Skeletal Response to Alcohol


  • Supported by Grant AA11140 from NIH and Grant DAMD17-98-1-8571 from the Department of Defense.

Russell T. Turner, Ph.D., Orthopedic Research, Room 3-69 Medical Science Building, Mayo Clinic, 200 First Street, SW, Rochester, MN 55905; Fax: 507-284-5075; E-mail:


Abstract: This review briefly assesses the well-established effects of alcohol consumption on bone and mineral metabolism and addresses areas of controversy that need additional research. Alcohol consumption is a risk factor for osteoporosis based on the frequent finding of a low bone mass, decreased bone formation rate, and increased fracture incidence in alcoholics.
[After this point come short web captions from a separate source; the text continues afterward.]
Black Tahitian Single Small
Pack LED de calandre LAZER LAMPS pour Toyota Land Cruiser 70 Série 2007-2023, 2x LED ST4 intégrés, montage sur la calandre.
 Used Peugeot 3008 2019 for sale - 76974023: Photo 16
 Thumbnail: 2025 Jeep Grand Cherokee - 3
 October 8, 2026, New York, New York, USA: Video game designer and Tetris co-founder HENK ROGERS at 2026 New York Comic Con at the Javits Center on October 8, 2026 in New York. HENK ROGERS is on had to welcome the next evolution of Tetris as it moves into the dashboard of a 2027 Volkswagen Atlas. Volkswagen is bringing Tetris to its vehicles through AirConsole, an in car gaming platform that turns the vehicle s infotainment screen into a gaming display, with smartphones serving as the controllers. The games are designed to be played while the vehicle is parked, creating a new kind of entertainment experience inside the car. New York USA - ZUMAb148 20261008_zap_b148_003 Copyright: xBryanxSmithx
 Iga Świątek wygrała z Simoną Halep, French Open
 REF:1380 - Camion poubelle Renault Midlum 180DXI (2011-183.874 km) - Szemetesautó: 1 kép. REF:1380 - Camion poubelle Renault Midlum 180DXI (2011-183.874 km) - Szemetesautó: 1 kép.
Alcohol also has been shown to reduce bone formation in healthy humans and animals and to decrease proliferation of cultured osteoblastic cells. On the other hand, it has been difficult to demonstrate alcohol-induced bone loss and increased fracture rate in population-based studies. Indeed, most population-based studies have shown a positive association between alcohol and bone mass and no change or a decrease in fracture risk. Overall, the evidence generally supports a detrimental effect of chronic alcohol abuse on the skeleton of men and a neutral or generally beneficial effect of light to moderate alcohol consumption, especially in older women. This latter putative beneficial effect may be due to a reduction in the age-related increase in bone remodeling associated with postmenopausal bone loss. Specific areas of research are recommended to clarify the dose and sex effects of alcohol consumption and to determine cellular and molecular mechanisms of action. The goals of this proposed research emphasis are to determine the degree of risk for the range of alcohol consumption, to set guidelines of consumption compatible with maintaining bone health, and to develop appropriate countermeasures to prevent or reverse the detrimental skeletal effects of alcohol abuse.